[ros-users] Uservoice-like Suggestions Page

Jonathan Bohren jonathan.bohren at gmail.com
Fri Jul 20 07:05:35 UTC 2012


On Fri, Jul 20, 2012 at 2:00 AM, Geoffrey Biggs <geoffrey.biggs at aist.go.jp>
 wrote:

> Is ROS meant to be an operating system style thing with lots of
> independent packages developed by independent teams? In this case,
> then the current approach should be maintained, and we must accept its
> warts, working around them as appropriate.
>

This is not an abstract problem that I think may happen and only
necessitates a "cross that bridge when we come to it" solution. This is a
problem that I have now experienced several times, and I think we need
concrete solutions and protocols.

Gentoo removes unmaintained packages from its repository and
> relies on them being provided by overlays managed by the people who
> care about those packages
>

Should we do what Gentoo does? This sounds like removing something from the
package index and the wiki, which I think everyone has agreed on is not
going to help the situation.

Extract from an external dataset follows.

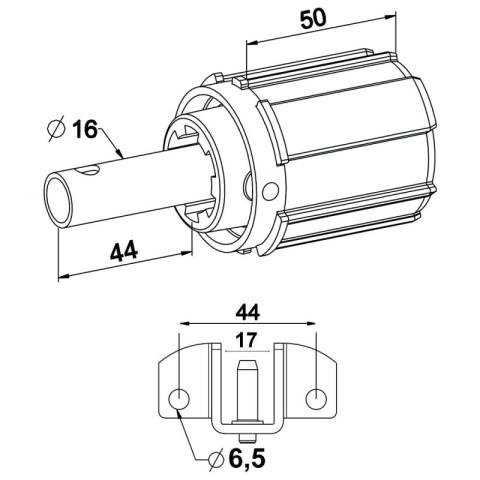 Embout d'axe pour tube zf 54 avec support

The gentoo model doesn't really apply since
many ROS packages that have been blessed by a wiki listing are already
installed through overlays anyway.

I do agree that ROS should have a distributed development community, but
when you have a package listed on the wiki, you are raising it to a higher
status than say, some random package on github/bitbucket/personal vcs
server.

Consider this scenario that I have experienced:
1) Developer A releases package, has it indexed on the ROS wiki
2) Developer A ceases work on package
3) Developer B finds bug in package, fixes it, submits patch, merge
request, etc
4) No response from Developer A

In this case, how do Developer B's contributions get back to the community
if there's an unresponsive maintainer? I think we can do better than
requiring that people google the name of every package they find on ros.org.
Can this second implementation be listed alongside the original on the
wiki? Which repo takes precedence? Do we have standards for when your
package is listed as stale or abandoned? What if there are several packages
with the same name that have a common parent, but different features? What
if people change interfaces? How do we compare different packages with no
common history that do the same thing?

ROS is old enough now that there are a lot of packages, even wg-spawned
packages, whose owners have moved on to other things. I'm talking from
experience on this, since I recently tried to fix what I considered a
serious flaw in a wg-hosted package, only to find that the names listed in
the package manifest are no longer the maintainers and the person listed in
the stack manifest is (understandably) too busy to deal with my  patch. I
find myself blocked, and I could fork it, but this package is currently
distributed with the debian packages and I think creating a new package
with a new name will just lead to confusion and fragmentation.


> I think that Thibault's idea is the best approach we could take right
> now. Giving people the information they need to make an informed
> choice of packages is more useful than trying to kickstart back into
> development a package that does not necessarily need it.
>

I agree that this information should be available right now, and yet, we
can't just leave packages to rot if they're not getting maintained.
Everyone talks about how it's better to have "wild code" out there, but
what's the point if you can't domesticate it, and share it with others?